Existe una norma de oro en el espeleobuceo para el tema del consumo, y es la denominada «regla de los tercios»: sólo podremos utilizar 1/3 del aire disponible para el avance, 1/3 para el regreso y reservaremos 1/3 para emergencias. Ésta es una norma de mínimos y se hace sumamente estricta en el caso de sifones con gran turbidez, o penetraciones en túneles a favor de la corriente, donde es prudente regresar cuando hayamos agotado un cuarto del aire disponible, dado que el tiempo de regreso puede exceder bastante al del avance.

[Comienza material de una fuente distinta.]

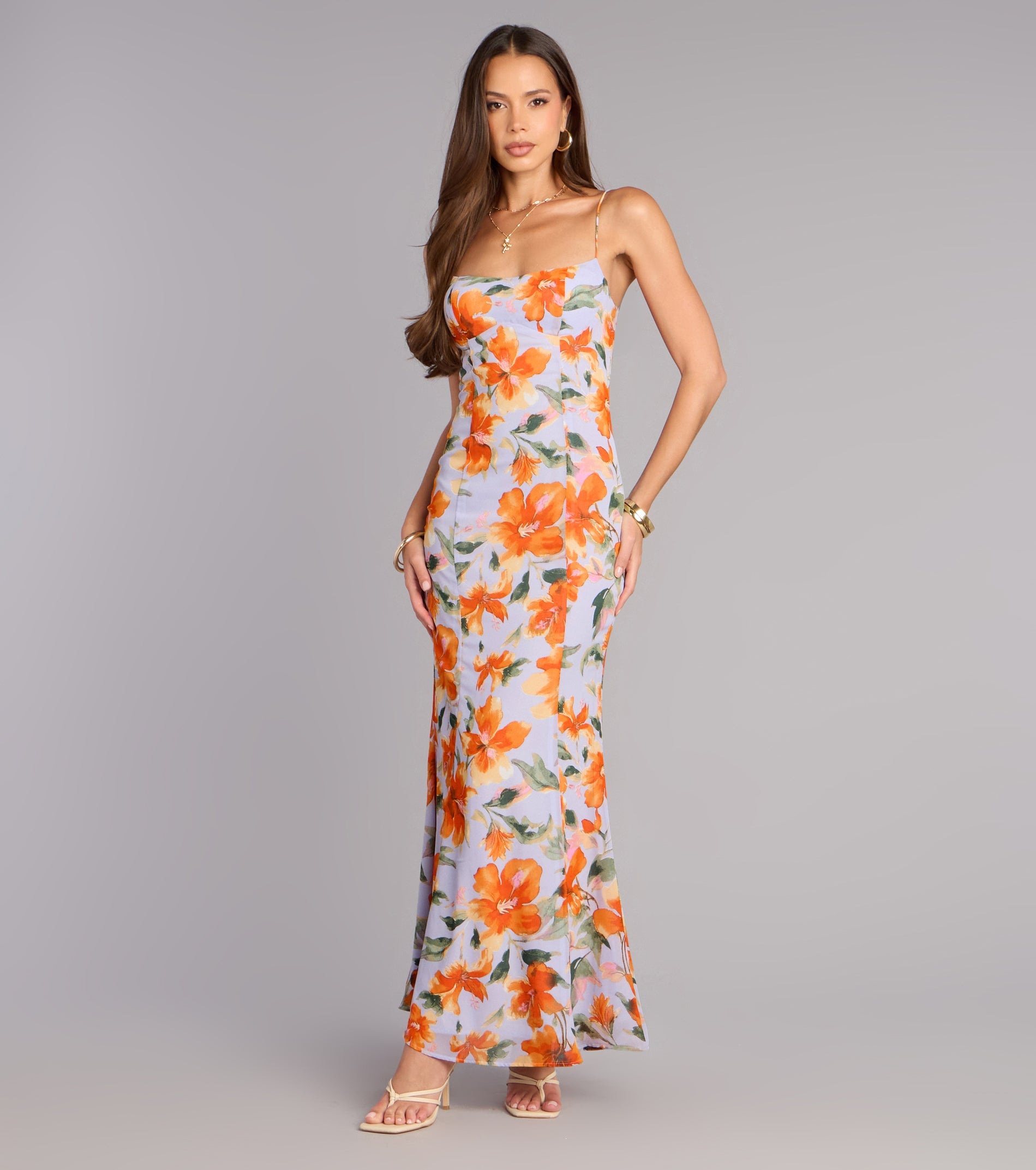 Vacay Beauty Strappy Back Floral Maxi Dress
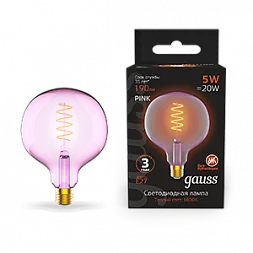 Лампа Gauss Filament G125 5W 190lm 1800К Е27 pink flexible LED 1/10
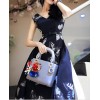 TE9182ZFFS Butterfly print high quality dress with belt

A pesar de la creencia popular bastante generalizada de que las mal llamadas «bombonas» (se conocen como botellas los recipientes de almacenamiento del fluido respiratorio) contienen oxígeno, generalmente lo que se respira bajo el agua es aire normal comprimido. Este aire posibilita inmersiones de hasta sesenta a setenta metros de profundidad, siempre que a esas cotas se permanezca un breve período de tiempo. Pero a partir de los cuarenta metros de profundidad, el nitrógeno contenido en el aire puede provocar efectos narcóticos, la conocida «borrachera de las profundidades», lo que puede comprometer seriamente la seguridad.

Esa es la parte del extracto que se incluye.